# [TASK DETAILS]
None of the pictures should appear; the lines from the line containing "Conferences" through the last line of the listing must be repeated exactly.

# [INPUT DATA]
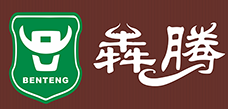 犇腾老火锅品牌logo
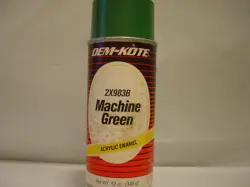 PAINT MACHINE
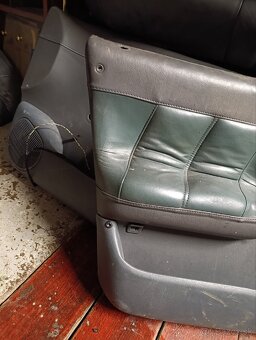 Kompet interiér Laurin a Klement - 3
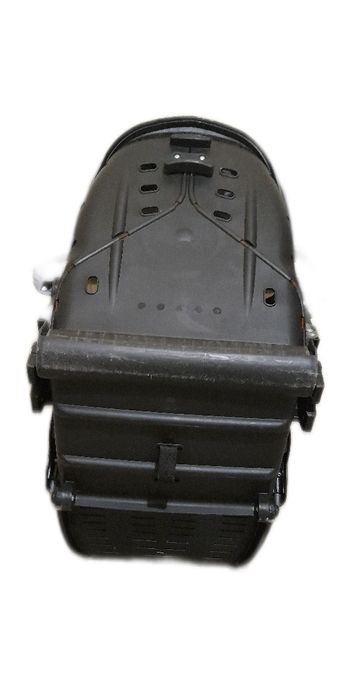 Siedzisko spacerowe Adamex 2w1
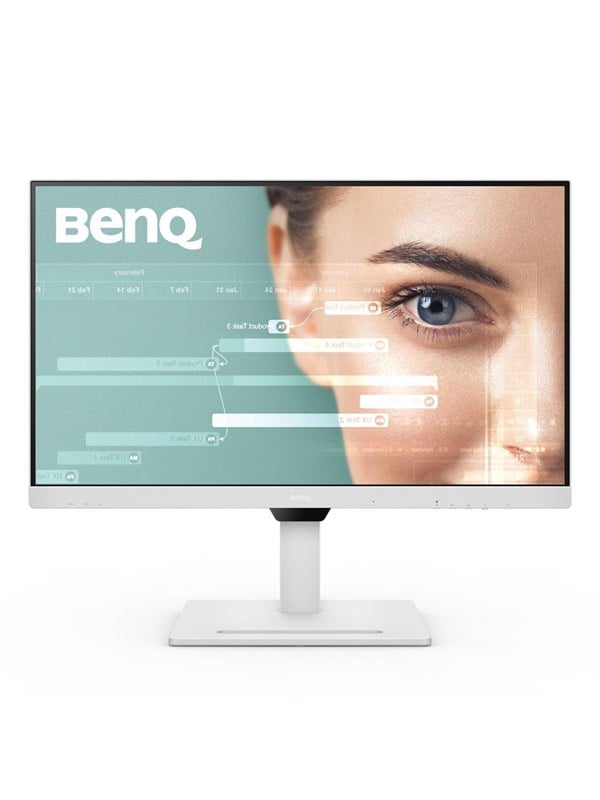 Produktfoto för 27" BenQ GW2790QT - 2560x1440 - IPS - 65W USB-HUB - 5 ms - Skärm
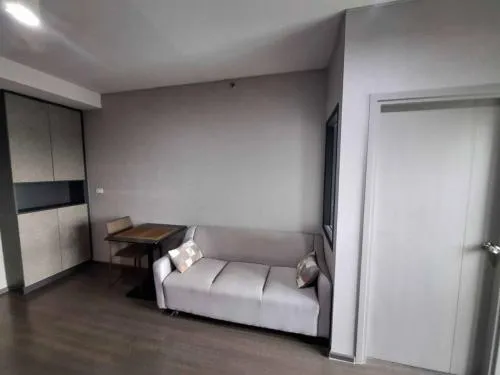 For Rent Condo , Ideo Phahol Jatujak , BTS-Saphan Khwai , Sam Saen Nok , Phaya Thai , Bangkok , CX-99889
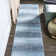 Lindholm Modern Animal Blue/Cream Rug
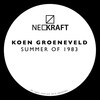 koen groeneveld - Summer Of 1983 (Original Mix)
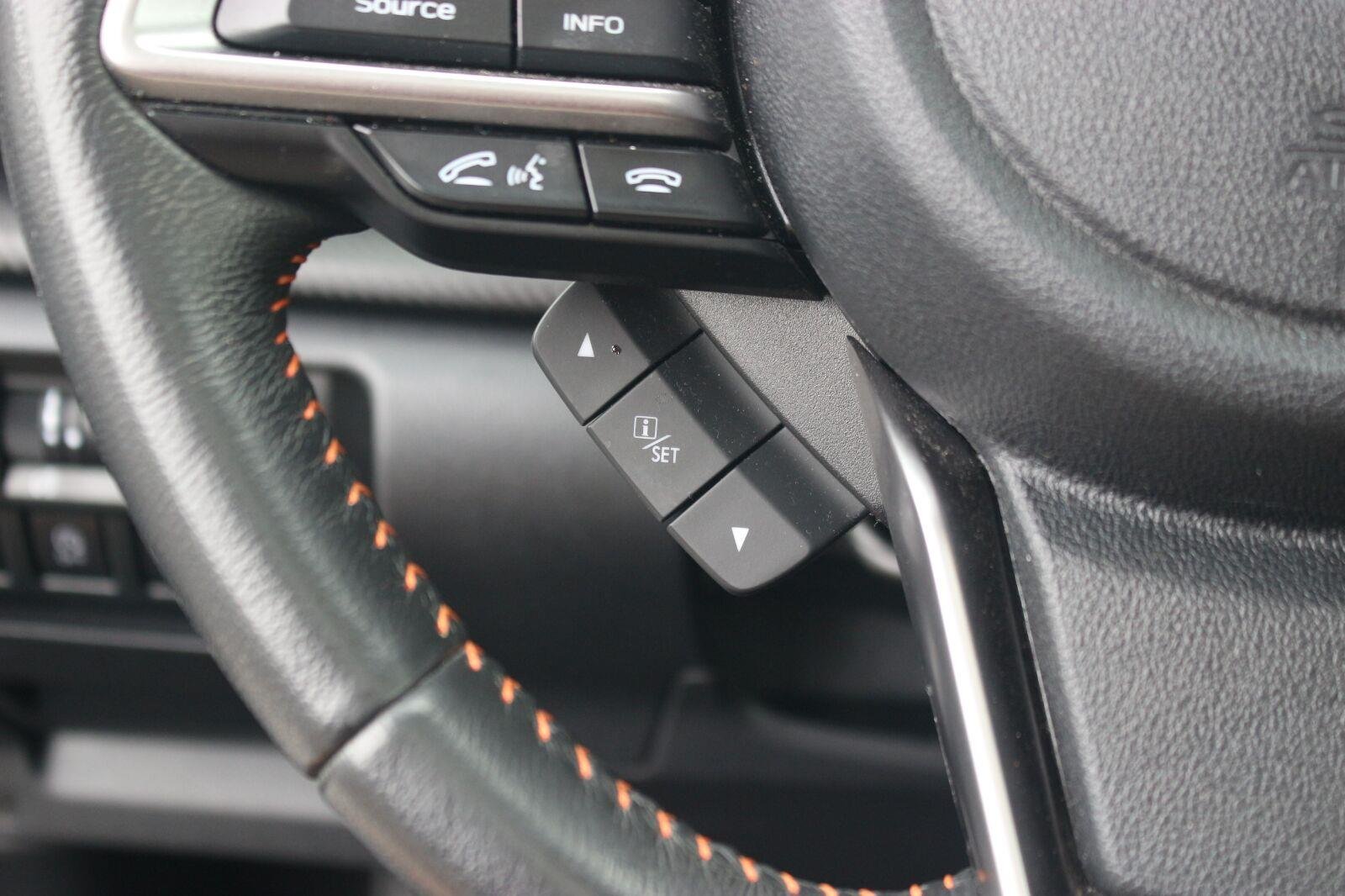 Used 2021 Black Subaru Premium image 19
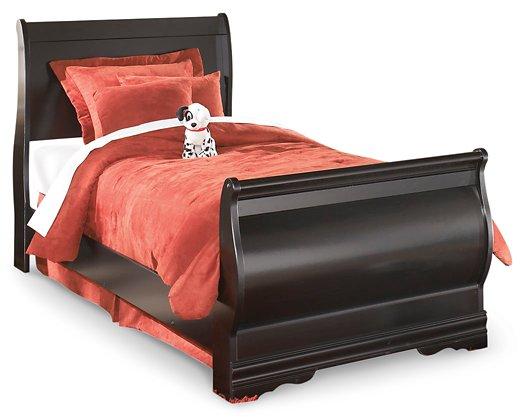 Huey Vineyard Youth Bed - Image 9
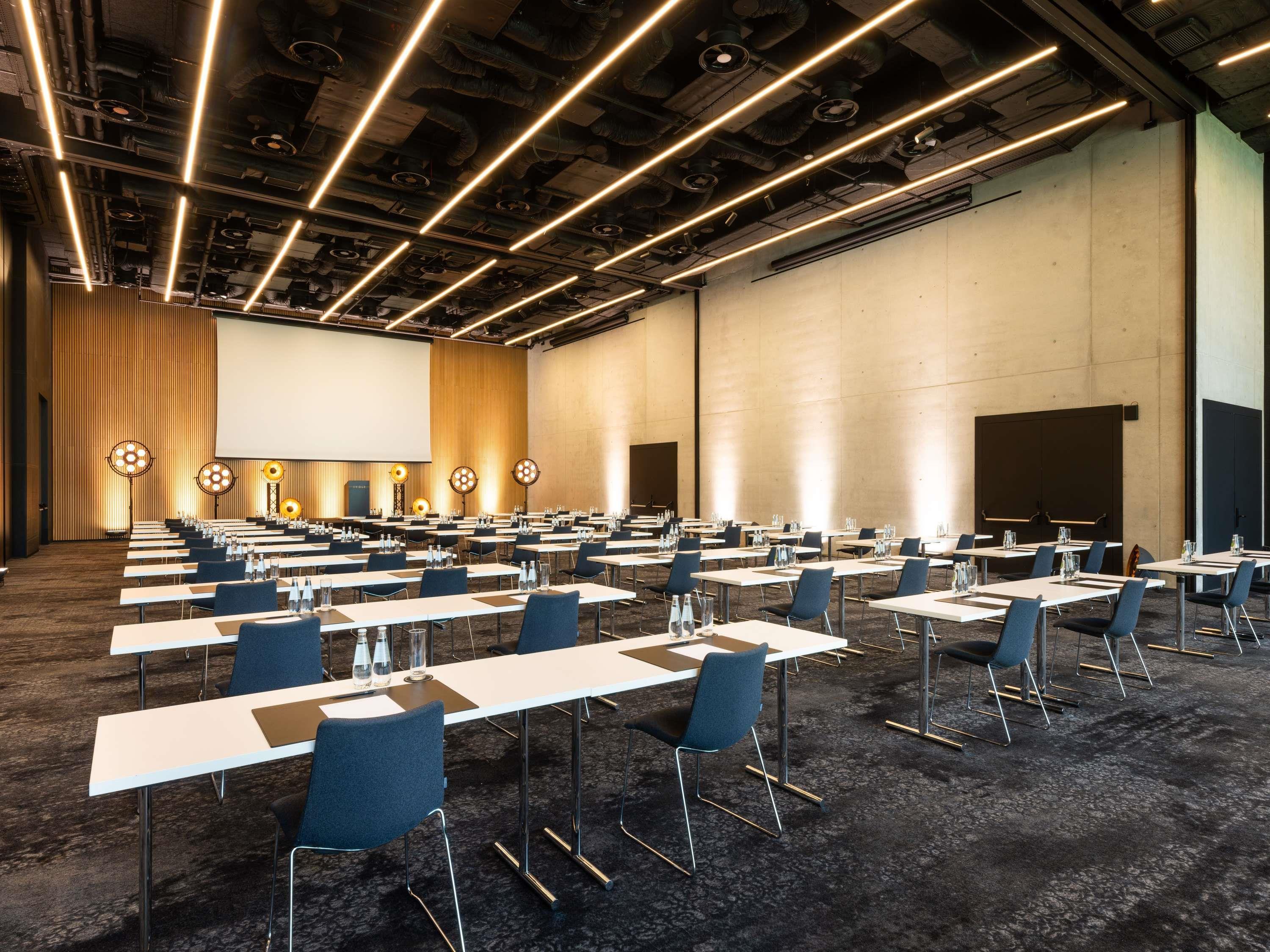 Conferences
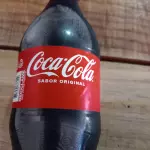 Coca Cola 600ml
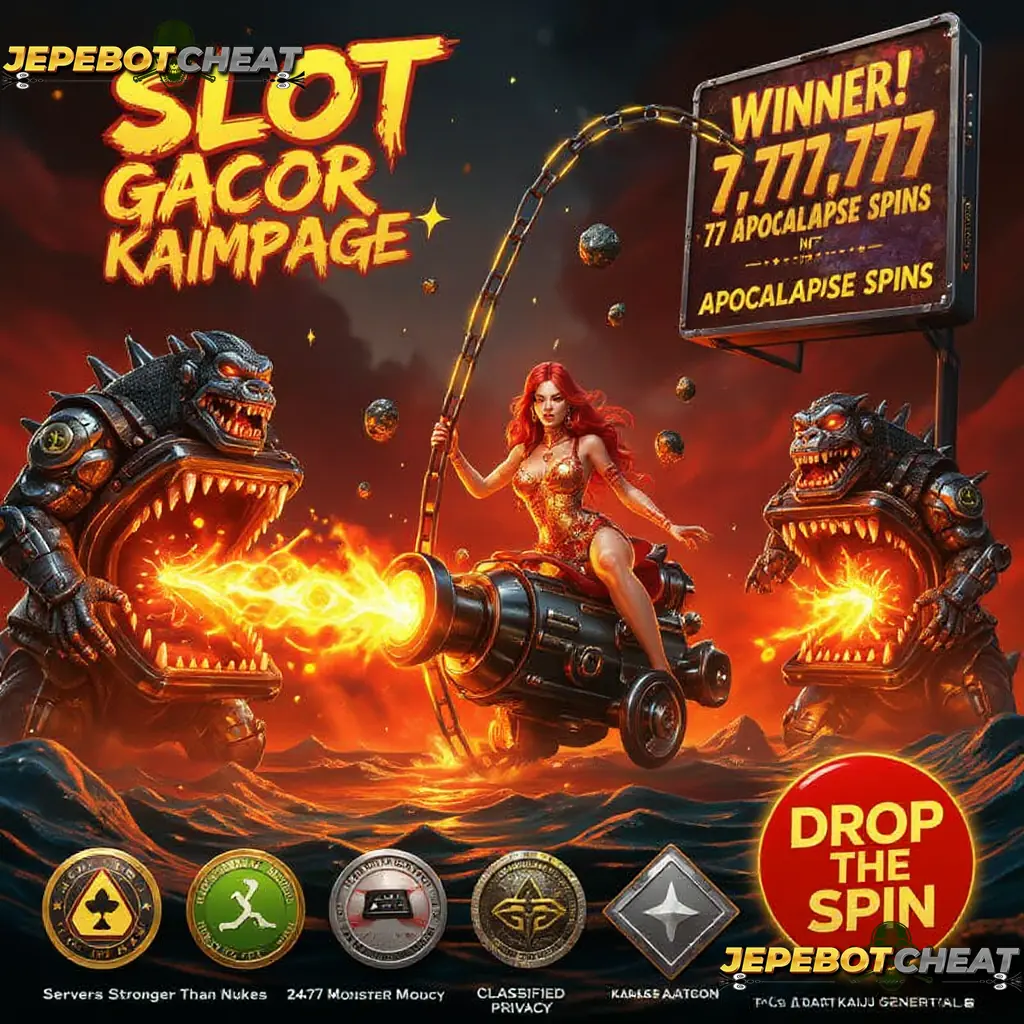 JEPEBOT Apk Slot Login Pembangunan Desa Permai Indah Kotobaru - WooCommerce eCommerce
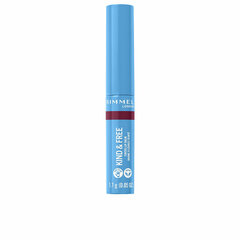 Цветной бальзам для губ Rimmel London Kind & Free Nº 006-berry twist (1,7 g) цена и информация | Помады, бальзамы, блеск для губ | kaup24.ee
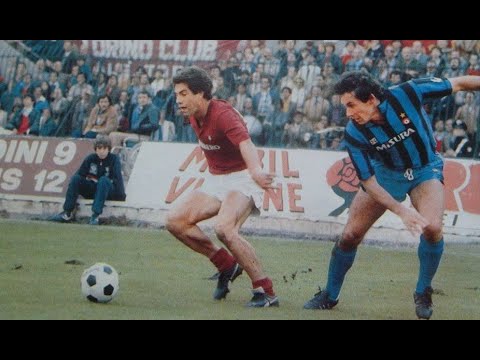 Torino-Inter 0-0 Serie A 82-83 5' Giornata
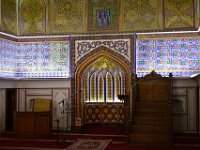 Bukhara - Mosque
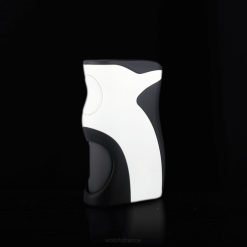 Wotofo RECURVE mod squonk blanc BHZ8144 vape jetable Wotofo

# [WRITTEN SOLUTION]
 Conferences
 Coca Cola 600ml
 JEPEBOT Apk Slot Login Pembangunan Desa Permai Indah Kotobaru - WooCommerce eCommerce
 Цветной бальзам для губ Rimmel London Kind & Free Nº 006-berry twist (1,7 g) цена и информация | Помады, бальзамы, блеск для губ | kaup24.ee
 Torino-Inter 0-0 Serie A 82-83 5' Giornata
 Bukhara - Mosque
 Wotofo RECURVE mod squonk blanc BHZ8144 vape jetable Wotofo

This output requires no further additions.